Para garantir que os recursos serão mesmo usados para quitar dívidas, a Caixa deverá transferir o dinheiro do FGTS direto para o banco em que o trabalhador tem débitos.
Será possível negociar dívidas do cartão de crédito, cheque especial, rotativo, crédito pessoal e do Fundo de Financiamento Estudantil (Fies).
Os juros serão de, no máximo, 1,99% ao mês, com descontos de 30% a 90% no valor principal da dívida. Os descontos variarão de acordo com a linha de crédito e com o prazo.
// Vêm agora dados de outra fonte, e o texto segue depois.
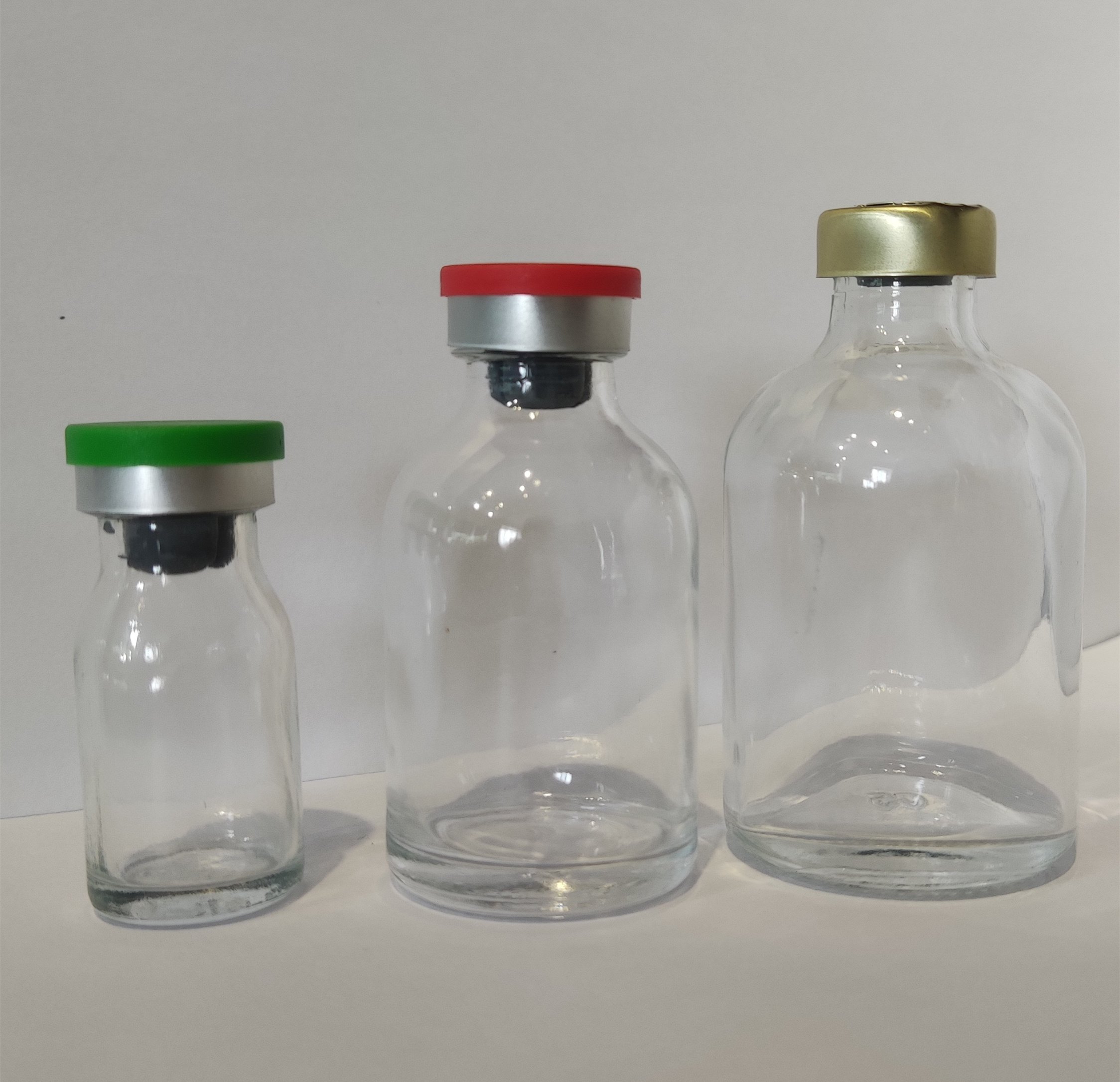 20ml Transparent Molded Glass Vial Hot Stamping Chemistry Reagent Bottle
Será disponibilizada uma calculadora para os trabalhadores saberem o desconto.
O governo pretende usar um fundo com recursos públicos para oferecer garantias às instituições financeiras, ou seja, o dinheiro da União vai cobrir eventual calote dos tomadores de crédito.
Para formar esse fundo, o governo buscará de R$ 5 bilhões a R$ 8 bilhões em recursos esquecidos pelos trabalhadores nos bancos. O governo também fará um novo aporte de até R$ 5 bilhões.
No fim de 2024, segundo o Banco Central (BC), 117 milhões de pessoas tinham alguma dívida com instituições financeiras.
O detalhamento do programa ocorre em um momento em que o governo federal busca reforçar agendas de impacto direto no cotidiano da população em meio a um cenário político adverso no Congresso e à aproximação das eleições de 2026.